As we approach the new century, the presence of economic interdependence will be felt in the region and economic issues will continue to dominate the region and the world. Economic interdependence will lead towards the development and the strengthening of regional economic institutions and mechanisms, with the consequence that each country’s national sovereignty and the nation state will diminish in importance. Such organizations and institutions will nonetheless not be dominant over national governments. They will become more accepted and will increasingly be allowed to play roles in the promotion of cooperation between regional states.
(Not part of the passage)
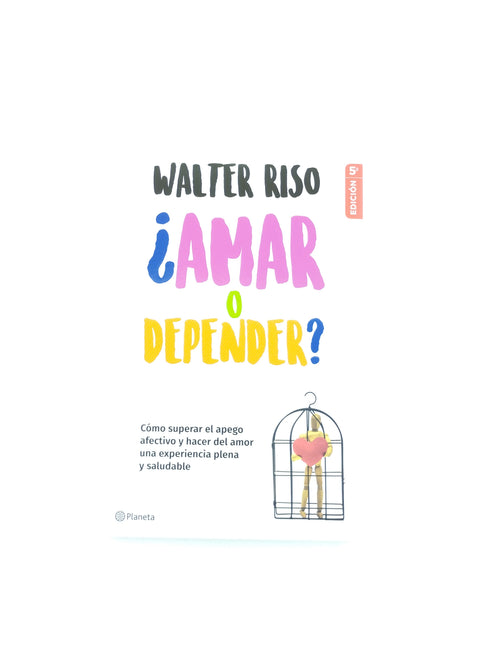 Amar O Depender by Walter Riso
In addition to regional economic integration, there are economic projects in specific territorial areas arising from cooperation between neighboring countries in the development of economic zones straddling their respective territories. The economic growth triangle project between Thailand, Malaysia and Indonesia is an example and these will multiply, making the Asia economy more clearly borderless and emphasizing that economic interdependence has become a necessity.

Problems to be confronted

Even though Asia has been successful in developing democracy, in maintaining peace, and in achieving economic progress, it is confronted with a number of challenges as it approaches the 21st Century.
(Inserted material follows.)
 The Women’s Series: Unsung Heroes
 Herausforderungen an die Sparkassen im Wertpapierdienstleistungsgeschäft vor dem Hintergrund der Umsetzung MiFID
A challenge faced by almost all Asian countries is the increasing diversity within, especially the growth of what is called “civil society”. To what extent can their political systems be opened up, is the question that needs to be asked. In the past, many countries in Asia used the authoritarian system, a closed system, in order to accelerate economic growth. South Korea, Taiwan and Indonesia provide examples.

However, with economic growth has come the expansion of a number of social groups. Among these, non-governmental organizations (NGOs) have worked to strengthen society and community, and have been in the forefront of struggles for the rights and interests of ordinary people and the disadvantaged. The political system thus has to adapt itself in response to demands.

Thailand is facing the expansion of social groups and non-governmental organizations and they have increasingly gained acceptance. Economic development in Vietnam and China will force these two countries open up their political systems. Yet, the question remains as to the extent to which Asian political systems could adapt to respond to the growth of civil society.

As civil society becomes stronger, politics will become the business of the people than more before. The organizations and institutions, such as ASEAN, which we have set up, have been at the behests of governments and leaders. The people have not been involved much. However, the trend for the future is for the people to increasingly assume roles in these activities, with the consequence that governments and leaders will have to adapt in order to successfully of respond to these changes.

In not a few of the countries of this region, there continue to exist gaps between the rich and the poor, and between urban and rural areas. In China, India, Indonesia, disparities between urban areas with economic development and rural ones will become greater, In Thailand, we are very concerned about this, since rural poverty is most apparent.

These disparities will encourage rural-urban migration. It is estimated that in the year 2000, Thailand’s urban population will increase from 36.6 percent to 43 percent. Simultaneously, migration across national borders will also increase.

Thailand is receiving more illegal migrant labor than ever before, to the tune of several thousand people, Malaysia the same. This is something most difficult to eliminate if economic disparities amongst neighboring countries persist. People from poorer lands will migrate to seek work in richer neighboring countries, spawning problems related to urban poverty and cultural differences.

International crimes have also been on the increase. Drug trafficking is a prime example. Thailand has been earnest and strict in its efforts to fight against this with some success. Yet, Thailand remains the passageway for drugs. Drug traffickers have become more sophisticated in their methods and have built up complex networks, making suppression more difficult. It is believed that the United States will continue to be concerned to assist Asian efforts aimed at suppressing drug production and trafficking. Such assistance would help us move closer to our goal.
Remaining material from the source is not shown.